Allen Park — A year after fielding the worst defense in franchise history, and seeing those struggles continue through the first half of the 2021 season, the Detroit Lions were in desperate need for an identity on that side of the ball.
Whether intentionally borrowed or absorbed through subconscious osmosis, they found one in Pittsburgh coming out of the bye.
Following the team’s exit meetings last week, cornerback Amani Oruwariye sat down with the media before leaving the team’s facility for the last time prior to the start of the offseason. During that interview session he brought with him a stylized padlock, painted in the Steelers’ color scheme. Given to each member of the defense, the solid black lock had yellow lettering that read, “Lock the Gates.”
“It’s just a mentality,” Oruwariye said. “More physical, more fast, just more.
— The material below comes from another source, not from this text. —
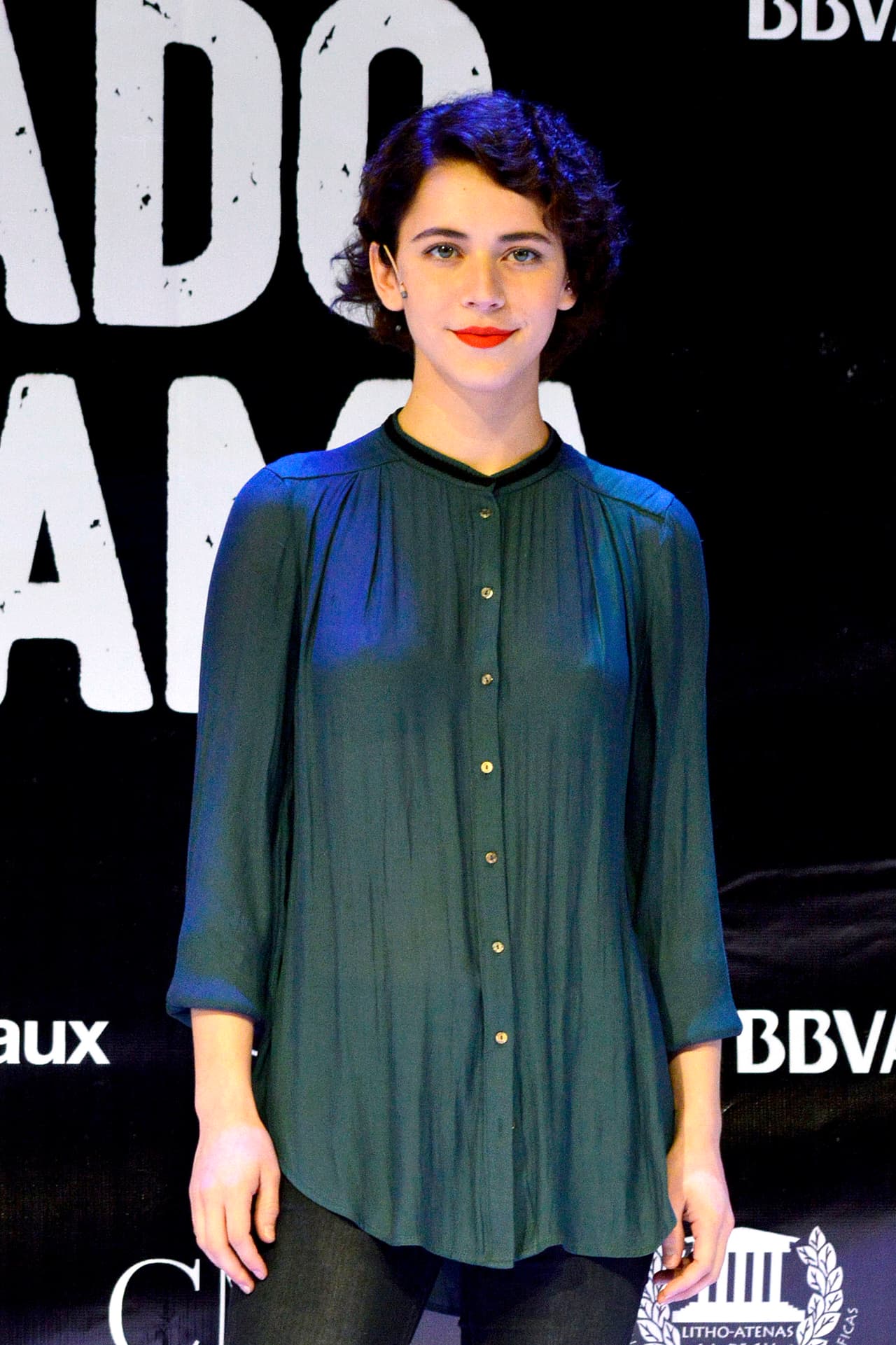 Algunas de sus canciones más conocidas son ‘Cariño’, ‘Incendio’, ‘Ultravioleta’, ‘Búfalo’ ‘Acicálame’ y ‘Elefantes’.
We need more. So this is just something to keep with us while we’re watching the playoffs and our blood is boiling watching other teams get to keep playing and not us. Just something to keep with us.”
It could be entirely coincidental the Lions adopted the phrase following their best defensive performance of the season — a 16-16 tie on the road against a franchise that has been defined by its toughness and physicality for decades — but another team that plays their home games at Heinz Field, the University of Pittsburgh, has been using the mantra for years.
Coach Pat Narduzzi, who oversaw the “No Fly Zone” as Michigan State’s defensive coordinator several years back, brought the lock-the-gates mindset with him when he took over as the coach of the Panthers.
“I believe ‘Lock The Gates’ means when you step on that field and there’s an opponent standing out there, you want to lock the gates behind you. You want to fight that opponent until there’s only one standing,” Pitt tight end Tyler Sear said in 2018.
And its usage in Pittsburgh goes back even further, to when longtime Ravens linebacker Terrell Suggs used the phrase during a 2012 interview to describe playing on the road against the rival Steelers.
“When we go down to Heinz Field and you see the towels, and you see the colors, you know you’re in a fight,” Suggs said. “As soon as we walk in their stadium, they’re going to lock the gates. But that’s what we want. We definitely want them to lock the gates behind us so we can get in there and we can have it out.”
The Lions remain a far cry from those great Steelers and Ravens units, and aren’t really on the same relative level as the University of Pittsburgh, but there’s little doubt the team made marked defensive improvements starting with that Pittsburgh game.
Through the first eight weeks of the 2021 campaign, first-year defensive coordinator Aaron Glenn spent his time plugging leak after leak, while trying to remain upbeat. But before the players left for the bye week, the group symbolically buried the film from those early-season contests, with several stomping on the dirt after the deed was done.
At that stage in the season, the Lions were allowing more than 30 points per game and had been historically brutal in the red zone, allowing touchdowns on 20 of 24 trips inside the 20-yard line. Glenn needed his players to forget those struggles and come back from their brief break anew.
And to a large extent they did. Starting with the Pittsburgh game, the Lions made critical improvements in three areas. First and foremost, they got much better in the red zone, trimming opponents’ success rate by 22%. Secondly, the Lions forced more turnovers, increasing their per game production by more than 50%.
And, as you might imagine, those two things directly impacted the most important stat, points. Across the final nine games, the Lions cut scoring by nearly six points per game, down to a respectable 24.8 average.
And that includes the ugly bump in the turnaround, when the Lions surrendered 50 points for just the seventh time in franchise history during the Super Bowl era in a 51-29 loss on the road to the Seattle Seahawks.
That did little to quell the optimism generated the final nine games.
“The sky’s the limit,” Oruwariye said. “Just had our last exit meeting with the defense and that’s all we really talked about, just building on the foundation. We definitely had a culture shift, I would say, at least defensively, after the bye week. That’s what this (the lock) is about: Lock the Gates. It was the Pittsburgh game. That was the one where we felt like the mentality switched.”